Among the entries below, find the line with "Bayram Tatili Yolunda Kaza: 1 Ölü, 5 Yaralı" and the line with "Vue de face". Return exactly those lines and every line between them, but no pictures.
START PROVIDED DATA
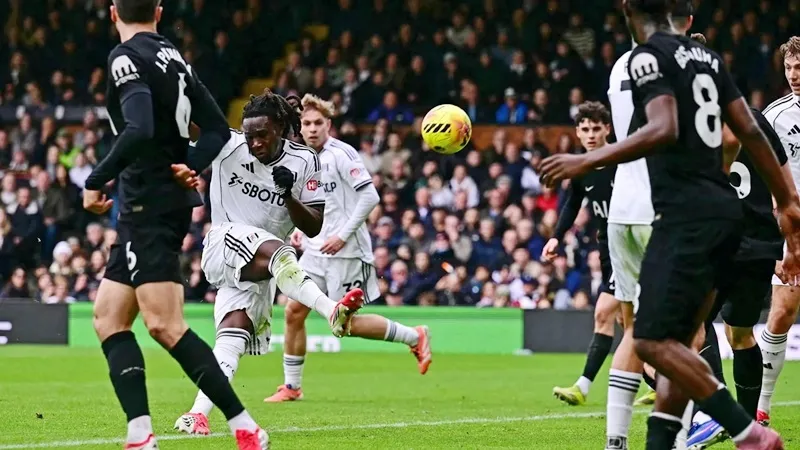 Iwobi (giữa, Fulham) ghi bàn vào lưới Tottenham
END PROVIDED DATA
START PROVIDED DATA
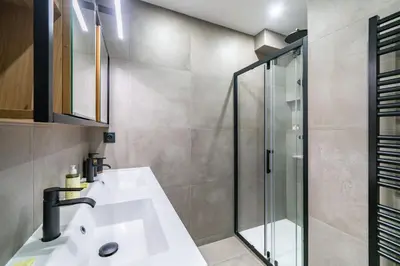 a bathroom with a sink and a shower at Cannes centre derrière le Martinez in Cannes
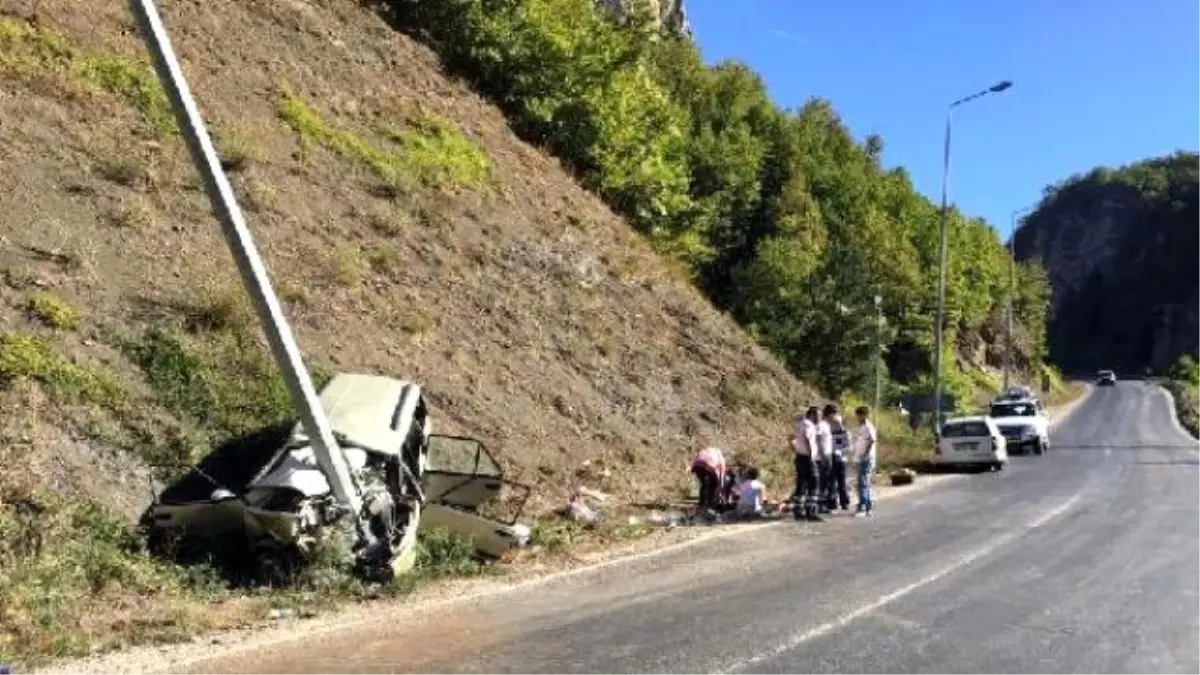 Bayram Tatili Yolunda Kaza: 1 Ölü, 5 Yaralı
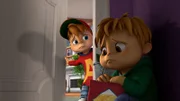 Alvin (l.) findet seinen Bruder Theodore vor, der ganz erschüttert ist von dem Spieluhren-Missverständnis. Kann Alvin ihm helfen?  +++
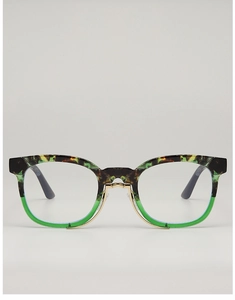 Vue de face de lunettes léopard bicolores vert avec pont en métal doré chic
END PROVIDED DATA
WRITTEN REPLY —
 Bayram Tatili Yolunda Kaza: 1 Ölü, 5 Yaralı
 Alvin (l.) findet seinen Bruder Theodore vor, der ganz erschüttert ist von dem Spieluhren-Missverständnis. Kann Alvin ihm helfen?  +++
 Vue de face de lunettes léopard bicolores vert avec pont en métal doré chic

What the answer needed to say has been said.